This is pie-in-the-sky really. A design like that would mean that the
master could *never* recycle WAL files, because it could never know when
some slave would pop up demanding a copy of ancient history.

regards, tom lane

#3Csaba Nagy
nagy@ecircle-ag.com
In reply to: Tom Lane (#2)
Re: streamlined standby procedure

You obviously did not read further down :-)

I was proposing a subscription system, where the slave can specify the
oldest WAL file it is interested in, and keep that up to date as it
processes them.

That could cause of course trouble if a slave dies and it won't update
the subscription, but that's not any different than the current setup if
the archive_command starts failing constantly because the archive site
is down. In either case human intervention is needed. The DB connection
based approach has the advantage that you don't have to restart the
server if your slave location changes, and you can have multiple slaves
at the same time if you like, e.g. if you want to smoothly move over the
slave to another machine.

Cheers,
Csaba.

Show quoted text

On Tue, 2006-02-07 at 16:18, Tom Lane wrote:

Csaba Nagy <nagy@ecircle-ag.com> writes:

The procedure should be something similar to the one available today if
you do it manually. The main difference would be that the standby
postmaster should connect to the primary server, and get all table data
and WAL record stream through normal data base connections...

This is pie-in-the-sky really. A design like that would mean that the
master could *never* recycle WAL files, because it could never know when
some slave would pop up demanding a copy of ancient history.

regards, tom lane

#4Tom Lane
tgl@sss.pgh.pa.us
In reply to: Csaba Nagy (#3)
Re: streamlined standby procedure

Csaba Nagy <nagy@ecircle-ag.com> writes:

You obviously did not read further down :-)
I was proposing a subscription system, where the slave can specify the
oldest WAL file it is interested in, and keep that up to date as it
processes them.

And how is that "system view" going to handle subscriptions?

regards, tom lane

#5Andrew Rawnsley
ronz@investoranalytics.com
In reply to: Csaba Nagy (#1)
Re: streamlined standby procedure

IMHO the #1 priority in the current PITR/WAL shipping system is to make the
standby able to tolerate being shut down and restarted, i.e. actually having
a true standby mode and not the current method of doing it only on startup.

While it is a trivial thing to fool postgres into staying in startup/restore
mode with a restore_command that blocks until more files are available, if
the machine needs to be shut down for whatever reason you have to go back to
the last image and replay to the present, which isn't always convenient. Nor
are you able to shut down the standby, copy it to a second instance to use
for testing/development/whatever, and restart the standby.
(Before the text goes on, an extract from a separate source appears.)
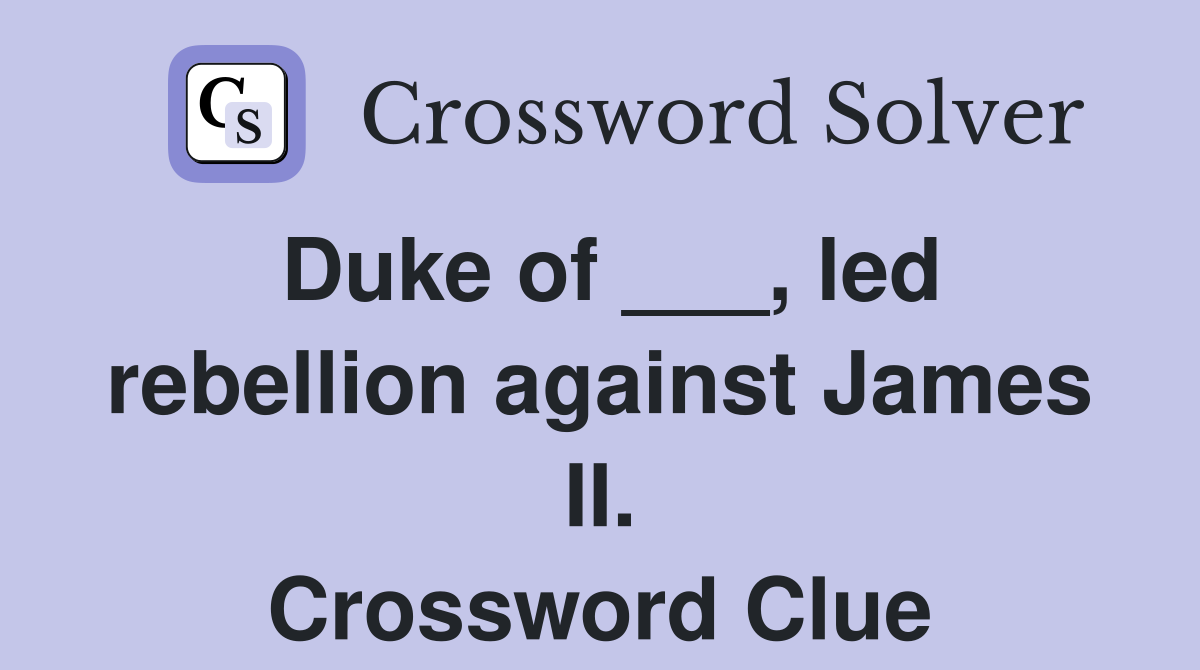 Duke of ___, led rebellion against James II. Crossword Clue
(Just to be clear - I _really_ like the flexibility of the customizable
archive and restore structure with PITR in PG, but the lack of a standby
mode always reminds me of whacking my forehead at 3am on the too-low doorway
into my son's bedroom...)

On 2/7/06 10:11 AM, "Csaba Nagy" <nagy@ecircle-ag.com> wrote:

Show quoted text

Hi all,

I decided to start implementing a streamlined WAL shipping based standby
building procedure. My aim is fairly simple: to be able to build a
standby as automated as possible.

The ultimate simplicity would be for me:
- install postgres on the standby machine;
- create a directory for the data base files, containing
postgresql.conf and pg_hba.conf, and a standby.conf file;
- start up the postmaster with a "--build-standby" option;

All the rest should be done automatically by postgres.

The procedure should be something similar to the one available today if
you do it manually. The main difference would be that the standby
postmaster should connect to the primary server, and get all table data
and WAL record stream through normal data base connections...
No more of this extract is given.